Releasing the Property Council's analysis of the Strategy, Hunter Chairperson Bob Hawes said that whilst the commitment to long term planning was commended, more needs to be done.
"A long term strategy is vital to the Lower Hunter's future growth, but it requires leadership by government and a commitment to infrastructure, jobs and a higher population target," he said.
"The foundation of the Strategy must be a plan of action with clear goals, targets and funding, backed up by a commitment by Government to facilitate partnerships between State and Local Government, industry and the community," he said.
"The most disappointing aspect of the Strategy is the absence of a bold vision for the Hunter, building on its unique characteristics, and an infrastructure plan to support growth," Mr Hawes said.

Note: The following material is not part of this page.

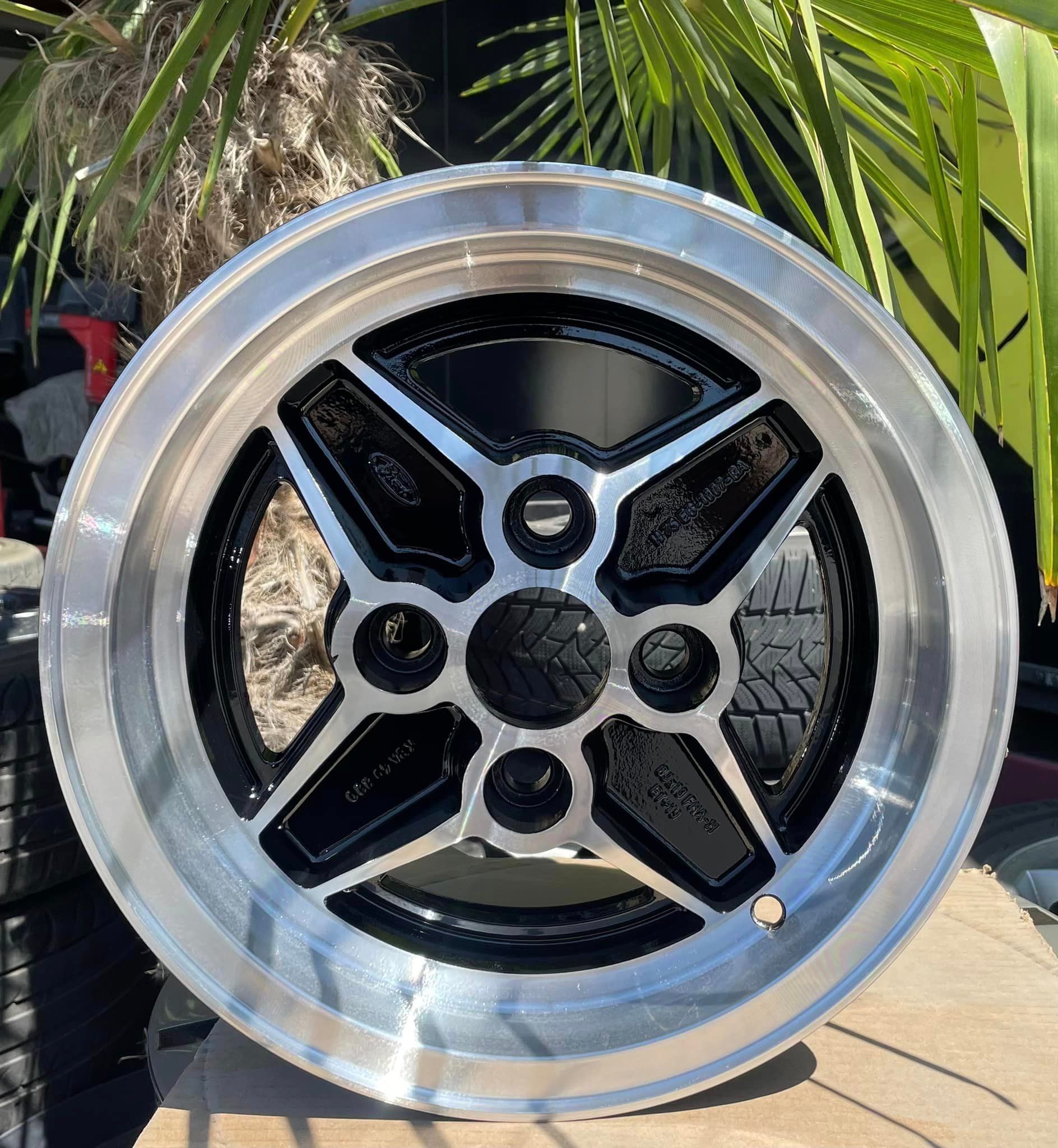 ein schwarz-silbernes ford-Rad sitzt auf einem Tisch neben einer Palme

The Property Council's submission to the Draft Lower Hunter Regional Strategy, released publicly today, has identified a number of elements which warrant reconsideration:
- The Strategy lacks a bold and strategic vision, which outlines how the region can continue to grow, and build on current strengths.
- The population and dwelling growth targets set for the region are too low, it signals a "business as usual" growth outlook for the region, and indicates a minimal commitment to investment capital by Government into the future.
- The Strategy needs to adopt sub-regional targets for jobs, population and dwelling growth, and a timetable and implementation plan. This will need to be regularly reviewed.
- The Strategy needs to link to a comprehensive infrastructure investment program, and foster further economic opportunities in the region.
- The Strategy should assess all employment lands and match appropriate uses with future industry and employment growth. Consideration should be given to future sites, on-going servicing, and amalgamation/assembly.
- The threat of levies, if implemented, could ensure the Strategy fails by escalating prices and making new development unaffordable, discouraging investment in the region.
- The Strategy fails to adequately address mine subsidence issues and the impact on growth, and hence the implementation of the Strategy.